Kodiak the Giant Eagle Still Loose in Pittsburgh After a Near-Capture

Kodiak the Giant Eagle Still Loose in Pittsburgh After a Near-Capture
Kody photographed on Pennsylvania Avenue in Pittsburgh earlier this week. (Image: Jared Latchaw)

Kodiak the sea eagle has been on the loose in Pittsburgh for nearly a full week, as staff from the National Aviary struggle to capture the wayward bird. The zoo told Gizmodo that Kody, as he’s nicknamed, was nearly caught this morning and appears to be in good health.

It must be a very stressful time at the National Aviary in Pittsburgh, Pennsylvania. The facility is home to more than 500 birds spanning some 150 species. In addition to caring for these many birds, the staff is now having to search for Kodiak, a Steller’s sea eagle that escaped from his enclosure this past Saturday, September 25.

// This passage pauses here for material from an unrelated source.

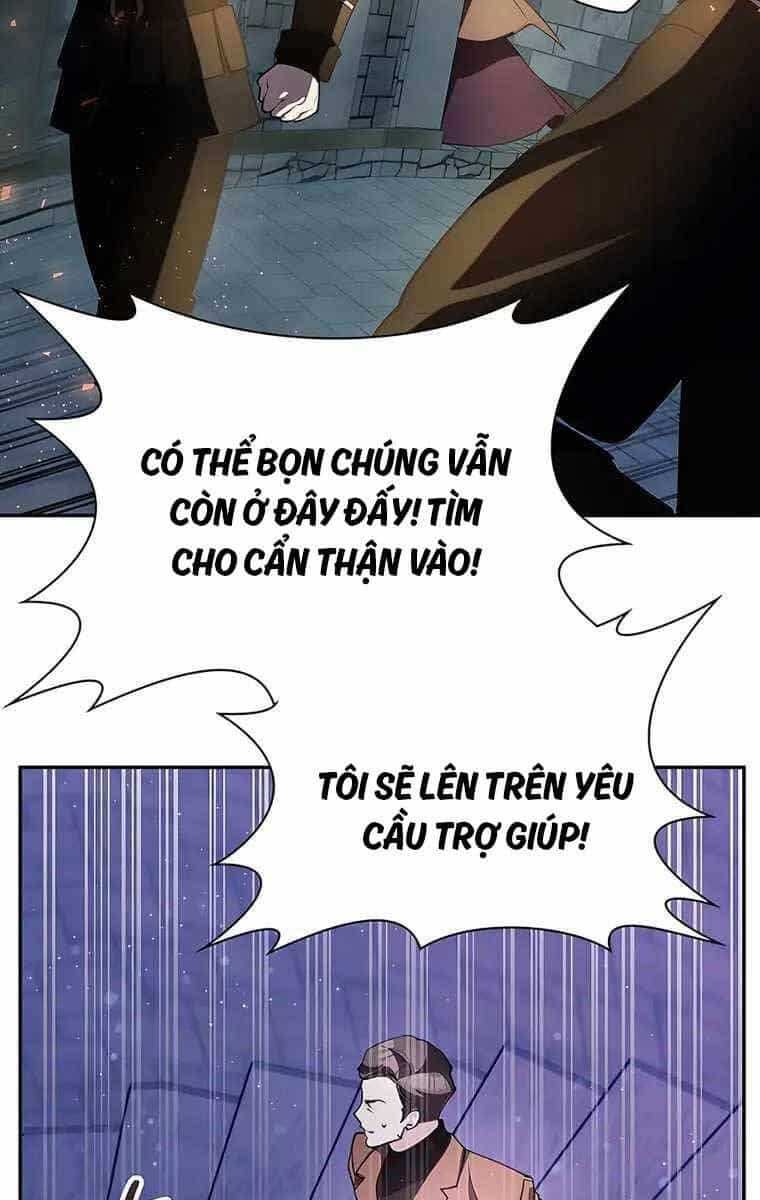 Giấc Mơ Trong Game Trở Thành Hiện Thực - Chương 18 - ảnh 4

Officials with the aviary are asking the public to report sightings but not approach or attempt to capture the bird. Steller’s sea eagles, native to coastal northeastern Asia, feed primarily on fish and sea birds. (Kody is deemed not a threat to pets nor people.) Kody has been in the care of the aviary for the past 15 years, and the staff is eager to get him back.

The aviary has received hundreds of calls over the past week, and its staff is only responding to the most promising leads, as Molly Toth, communications and content specialist at the National Aviary, explained in an email. People who spot the bird are asked to call the aviary at 412-323-7235.

“We continue to receive tips, and have had several confirmed sightings,” Toth said. “We believe Kody is spending time between North Park and Riverview Park and areas near Pittsburgh’s Northside.”

Kodiak attracting attention on a Pittsburgh street. (Photo: Jared Latchaw) Kodiak attracting attention on a Pittsburgh street. (Photo: Jared Latchaw)

Starting last Saturday, the aviary “launched a coordinated effort to find a way to bring Kody home,” Toth said. “Animal care staff, volunteers, and even administrative staff have been working in teams to search for Kody and respond to sightings reported by the community.” Other staff members are staying behind to take care of other birds and animals at the aviary, while also mapping sightings, preparing snack bags for the recovery teams, answering calls about sightings, and reaching out to the community for further help, said Toth.

Steller’s sea eagles are among the largest raptor species on Earth, featuring a 1.83 m-wide wingspan. Nothing like this has ever happened before at the National Aviary, so I asked Toth how the giant bird might be apprehended.

“There are many techniques our staff may use to bring Kody home safely,” she replied. “Our staff have animal behaviour expertise and a deep knowledge of Kody as an individual and insight into his behaviour. The techniques they use will be context-dependent, and may include food as rewards as well as professional falconry equipment such as soft netting.”

The National Aviary provided this image of a Stellar's sea eagle in flight for reference. (Image: National Aviary) The National Aviary provided this image of a Stellar’s sea eagle in flight for reference. (Image: National Aviary)

Encouragingly, or maybe frustratingly, the team came very close to capturing Kodiak earlier Friday — or not close at all, depending on your perspective.

Thanks to a sighting of Kody in the North Park area, the team was able to pinpoint the bird’s location, and they spotted him “roosting at the highest point of one of the tallest trees,” according to an emailed statement. The team, along with the aviary’s executive director, set up camp and monitored the eagle throughout the night. The team confirmed that Kody is still in “excellent health and body condition,” explained Toth. The team set out some food in hopes that Kodiak would fly toward them, but “unfortunately earlier this morning Kody did not come down, and was last sighted flying towards North Park,” according to the statement.

Oof. This could take a while.

Catching Kody will likely require a lucky set of circumstances or his own decision to return to his handlers. Or, he may continue to elude capture. Either way, we’ll keep our eye on this ongoing story.